Pamela Brind'Amour

Personal information
- Nationality: Canada
- Born: January 12, 1993 (age 33) Châteauguay, Quebec, Canada
- Home town: Sainte-Martine, Quebec, Canada
- Height: 178 cm (5 ft 10 in)

Sport
- Sport: Fencing

Medal record
Women's fencing
Representing Canada
Pan American Games
| Silver medal – second place | 2023 Santiago | Team sabre |
| Bronze medal – third place | 2019 Lima | Team sabre |
Pan American Fencing Championships
| Silver medal – second place | 2024 Lima | Team sabre |
| Silver medal – second place | 2023 Lima | Sabre |
| Silver medal – second place | 2016 Panama City | Team sabre |
| Bronze medal – third place | 2024 Lima | Sabre |
Pan American Junior Fencing Championships
| Silver medal – second place | 2013 Ponce | Foil |

= Pamela Brind'Amour =

Canadian fencer (born 1993)

Pamela Brind'Amour (born January 12, 1993) is a Canadian fencer in the sabre discipline. Brind'Amour has won multiple medals at the Pan American level.

==Career==
Brind'Amour's first major international result came in 2013, when she won the gold medal at the Pan American Junior Fencing Championships in Ponce, Puerto Rico in the individual foil event. Brind'Amour would later switch to the sabre discipline as she felt her changes of qualifying for the Olympics in the foil discipline were low.
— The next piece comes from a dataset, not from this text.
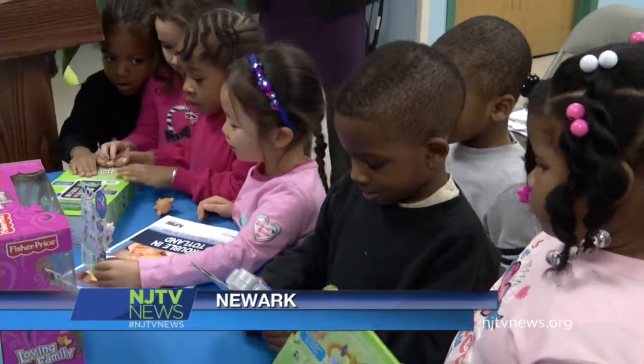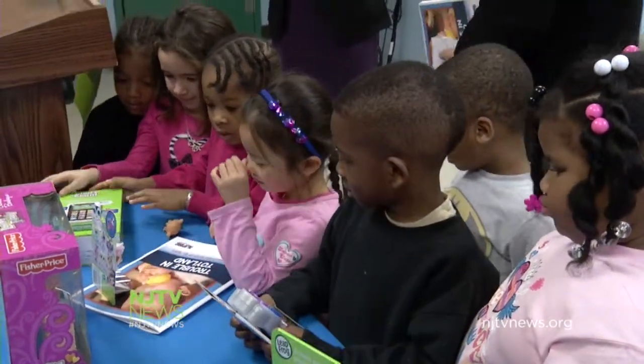Most children have a long holiday wish list, and there's usually one favorite toy at the top.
In 2022, finished 52nd at a World Cup stop in Algeria. Brind'Amour was officially named to Canada's 2024 Olympic team in April 2024.

===Pan American Games===
Brind'Amour has competed at three Pan American Games. Brind'Amour's first appearance came at the 2015 Pan American Games in Toronto. Four years later, at the 2019 Pan American Games, Brind'Amour was part of the bronze medal-winning sabre team. At the 2023 Pan American Games in Santiago, Chile, Brind'Amour was part of the silver winning sabre team.